修行僧達のために食事を作る調理という仕事は、最も純粋な仏道修行とも言えるでしょう。 家庭に当てはめると「料理人である主婦は道心が備わった高潔な修行僧(高士)」です。

道心の無い典座の役職は‘結局(畢竟)無益’です。

「台所大事」という言葉は、もう死語なのでしょうか? いづれにせよ 「食あっての健康維持(成道の為に今此食を受く)を説いているようです。


2:典座の心構え
『禅苑清規』「現存最古の清規」では料理をする時は気を使って、 季節感あふれる食事を供するように言っています。

料理の腕前ではなく、生命維持の食を作る上での心構えです。ですから 家庭の料理人であっても、食事を作るには道心(気づきの心)を以て、 「時季」の食材を調達してくる事も肝腎でしょう。 『禅苑清規』を良く読みましょう。


3:典座の一日の仕事1
典座の一日の仕事が具体的に書かれています。 昼食後に、翌日の朝の粥と昼食の材料の調達をするのですが、調達できた食材は、 自分の眼の玉(眼睛)のように大切に取り扱うこと。
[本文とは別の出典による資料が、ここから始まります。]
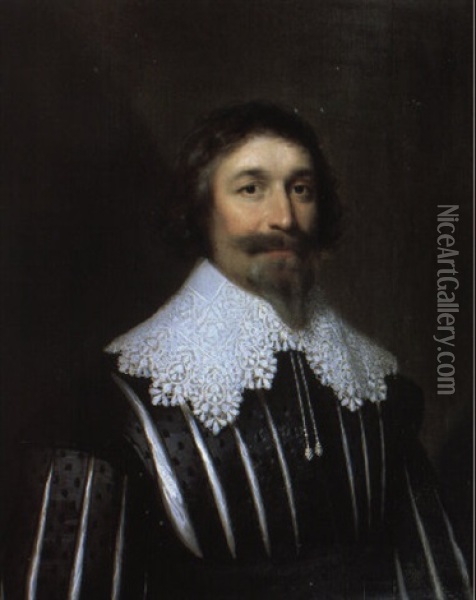 Portrait Of Sir William Campion Of Combwell Oil Painting - Cornelis Jonson Van Ceulen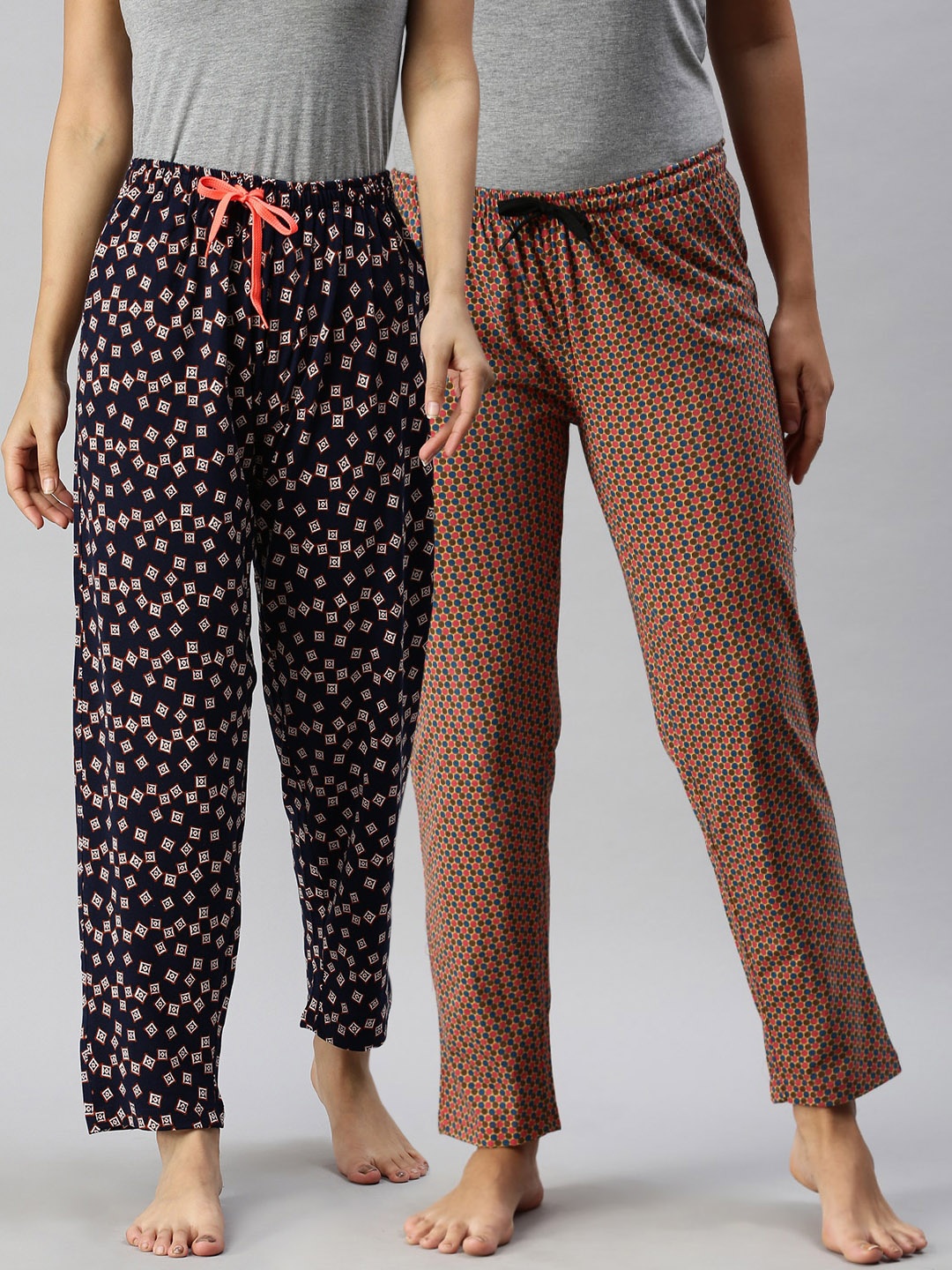 

Kryptic Pack of 2 Mustard & Navy Blue Printed Cotton Pyjamas
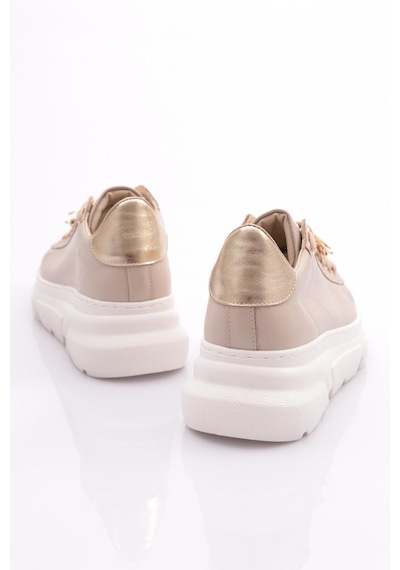 Dgn Es852 Kadın Kalın Taban Ari Tokali Sneakers Ayakkabi Bej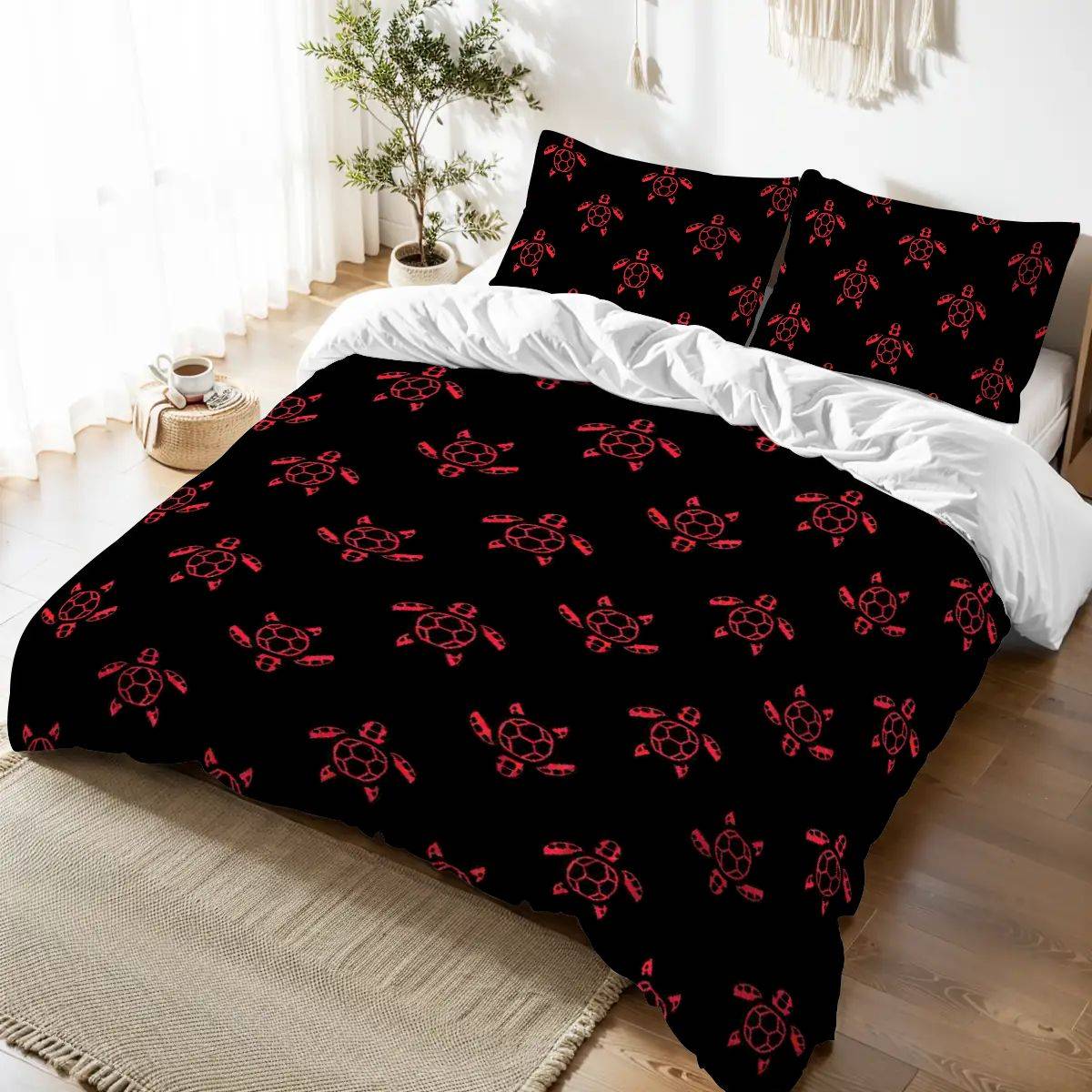 Queen Duvet Set – Tranquil Turtle Print, Perfect Holiday Gift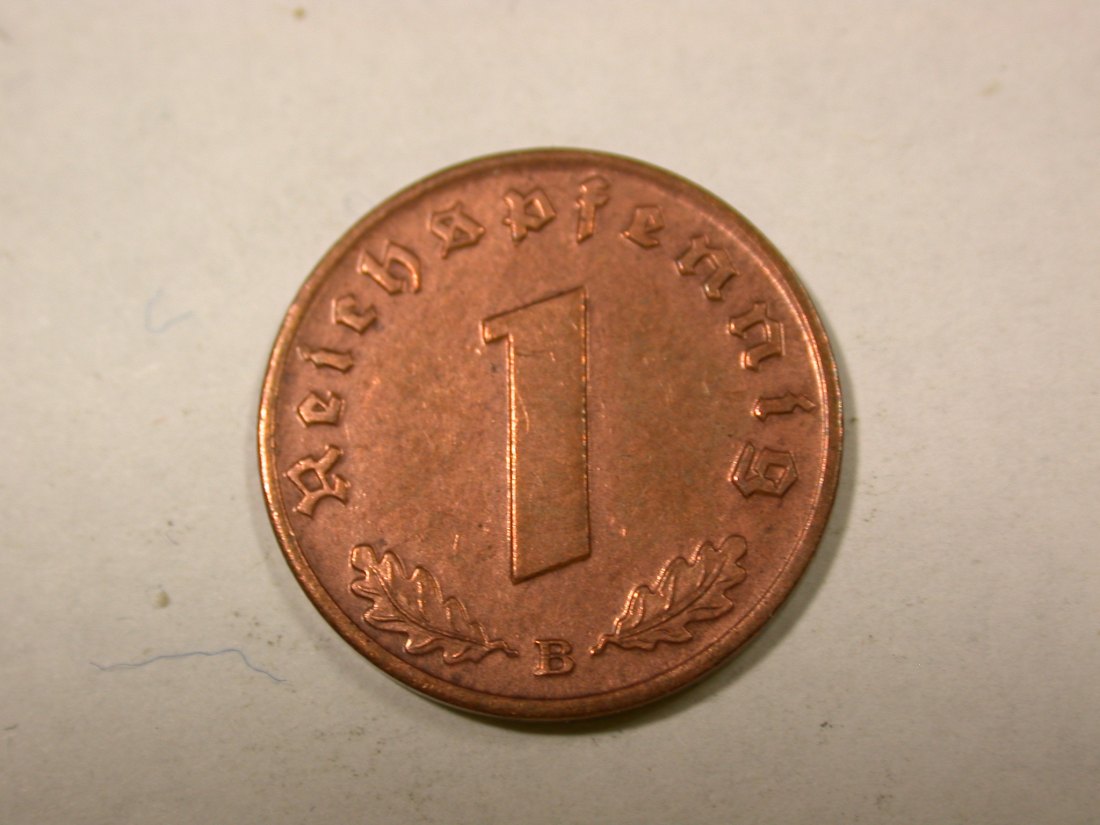 F14 3.Reich 1 Pfennig 1938 B in vz-st Originalbilder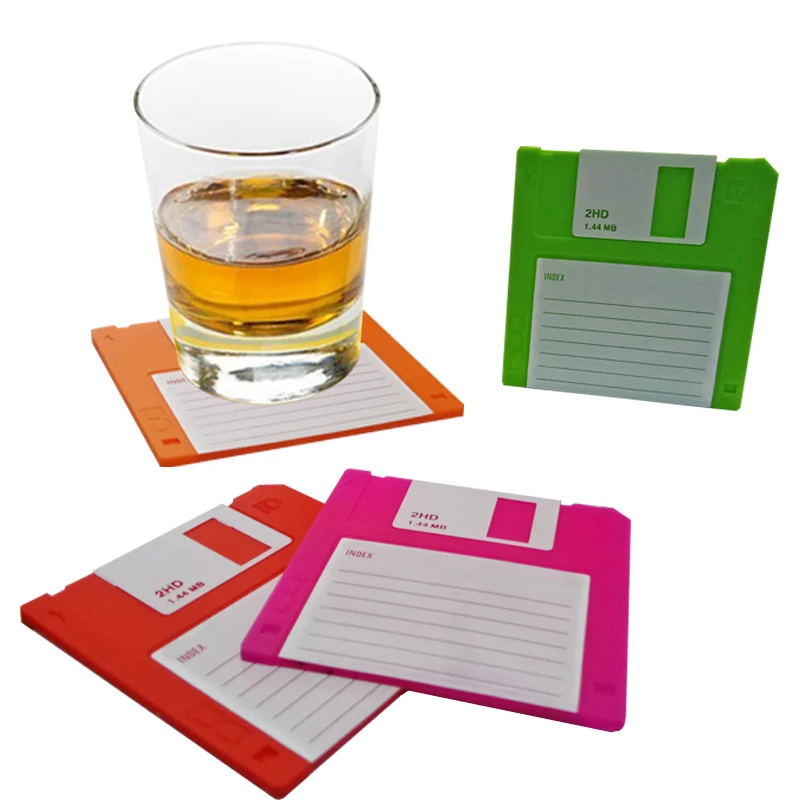 Set Di 6 Sottobicchieri In Silicone A Forma Di Floppy Disk – Regalo Retrò Per Amanti Del Computer - 2
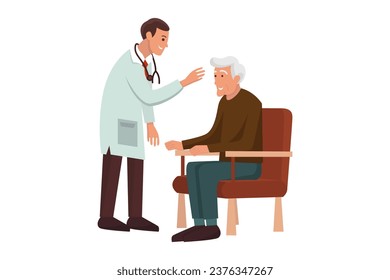 médico examina la ilustración vectorial de diseño plano de pacientes ancianos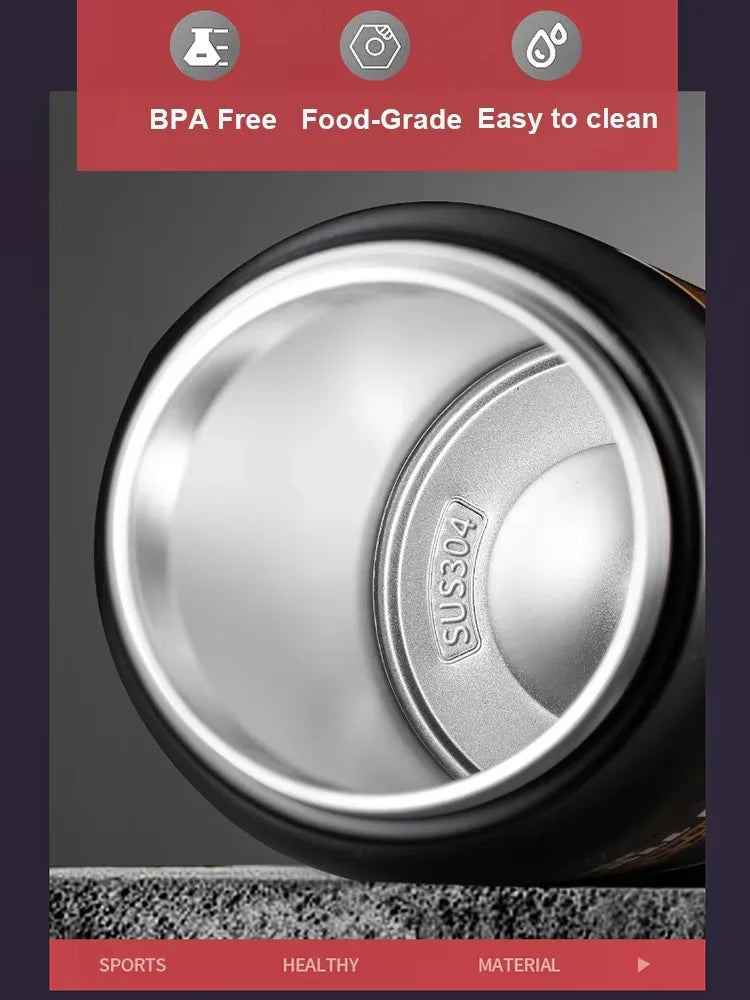 304 Stainless Steel Thermal Mug – Portable Insulated Water Bottle with Straw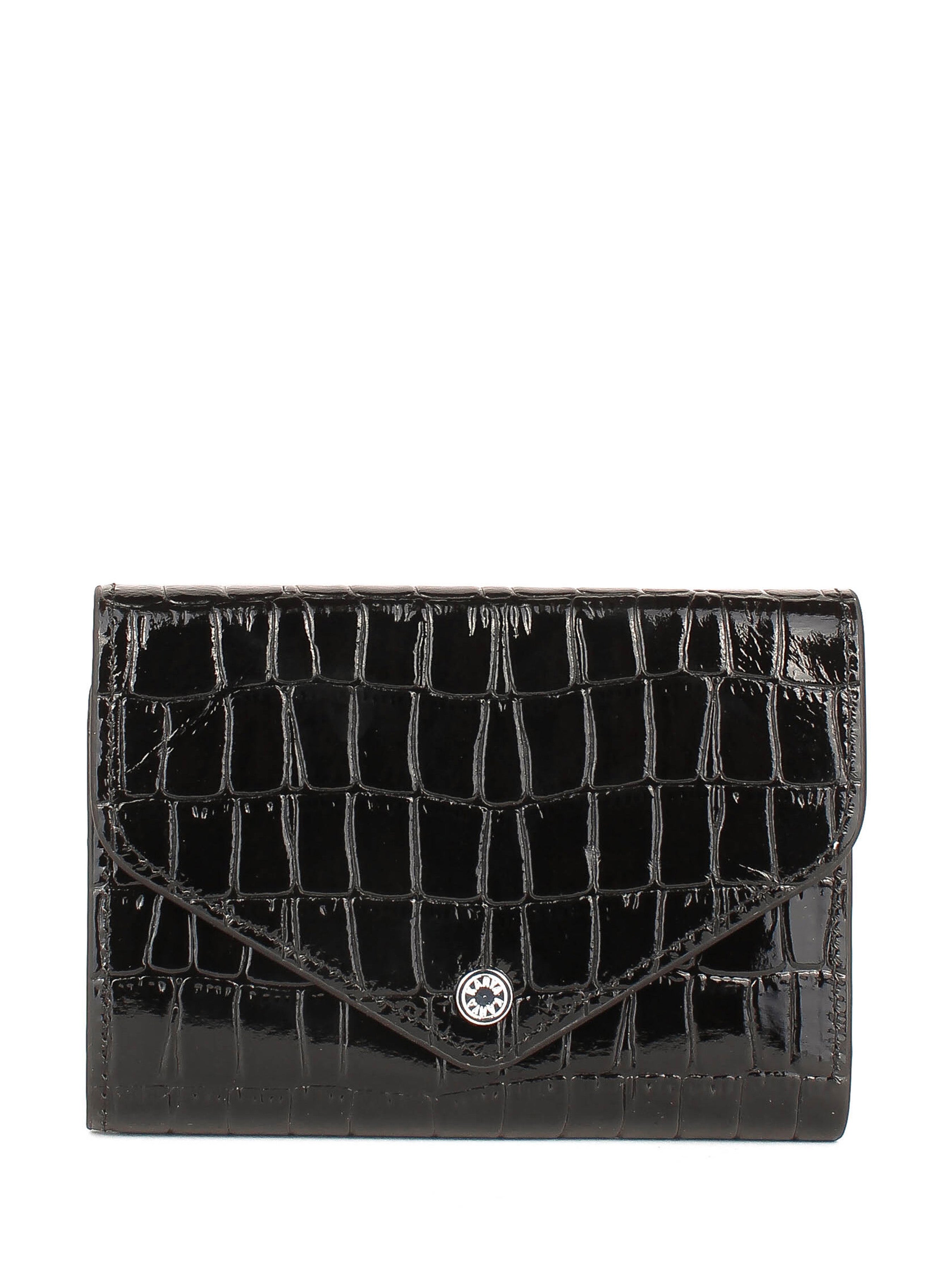 Cartera de piel italiana Negro 1178-06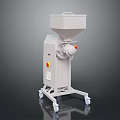 Beige Industrial Machine with Square Feeding Hopper Red Yellow Buttons and Wheels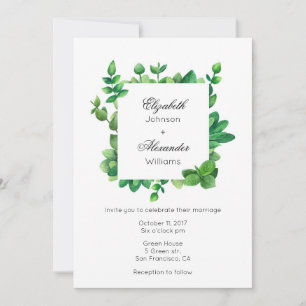 O convite para casamento ao ar livre. Convite verd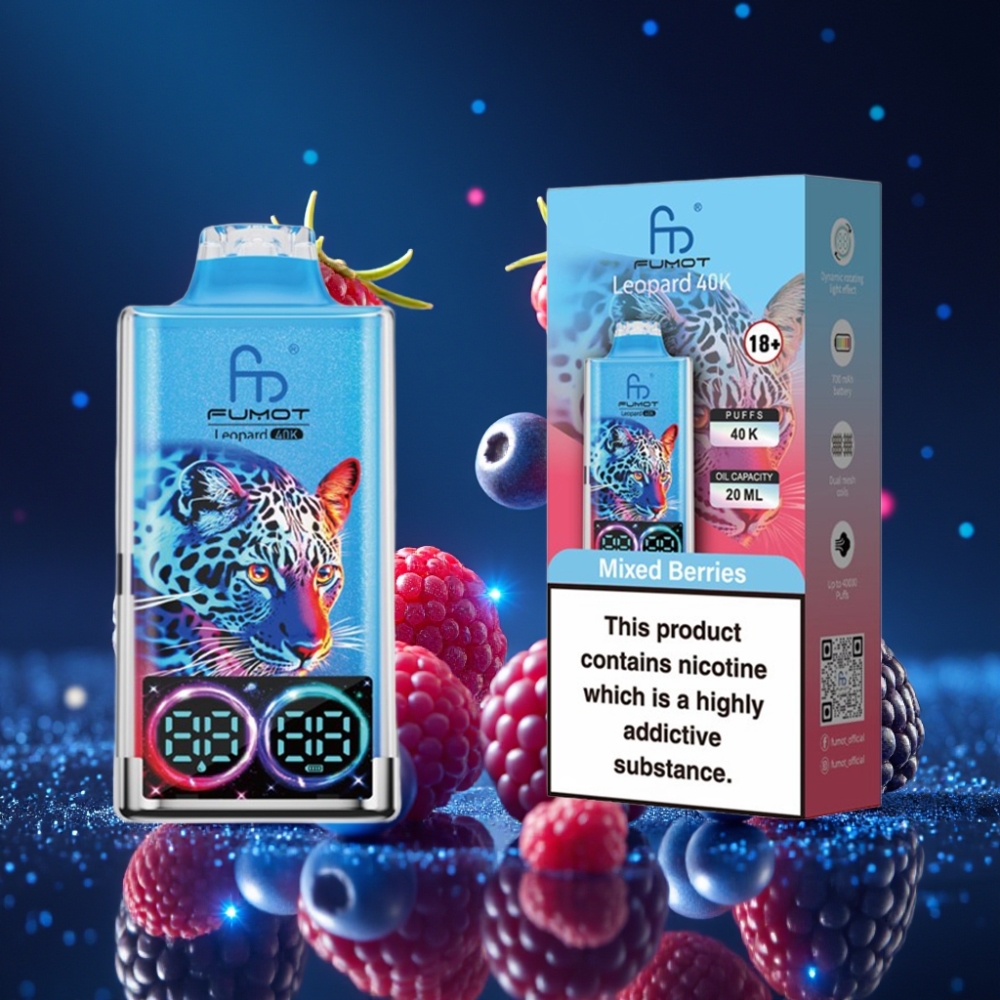 Fumot Leopard 40K Puffs Ühekordne Vape Segasuurte Marjade Maitse, 700mAh Akuga, Dual Mesh, Type-C Laadimisega, Digitaalne õli Jääku Näidik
と書かれています。

食材を、“自分の眼の玉のように大切に取り扱う”なんて、 考えてもみたことが無い人がほとんどでしょう。

そして「六つの管理職達」庫司知事で献立の相談をします。 決定したら住職の居室や修行僧達の寮の掲示板に掲示します。

★   都寺(つうす)・監寺(かんす)・副司(ふうす)
★   維那(いの)・典座(てんぞ)・直歳(しっすい)



4:典座の一日の仕事2「仕事の実際」
翌朝の粥の準備等で米を研ぎや野菜を調理するのには、 人まかせではなく自分自身で入念に行なうことです。

料理の心得としては、苦い・酸い・甘い・辛い・塩からい・淡いの六つの味が調和し、 「軽軟浄潔」軽く軟らかで浄[淨]らかでサッパリと「如法作」法[理]にかなって丁寧に 調理されている、という三徳が備わるように努めましょう。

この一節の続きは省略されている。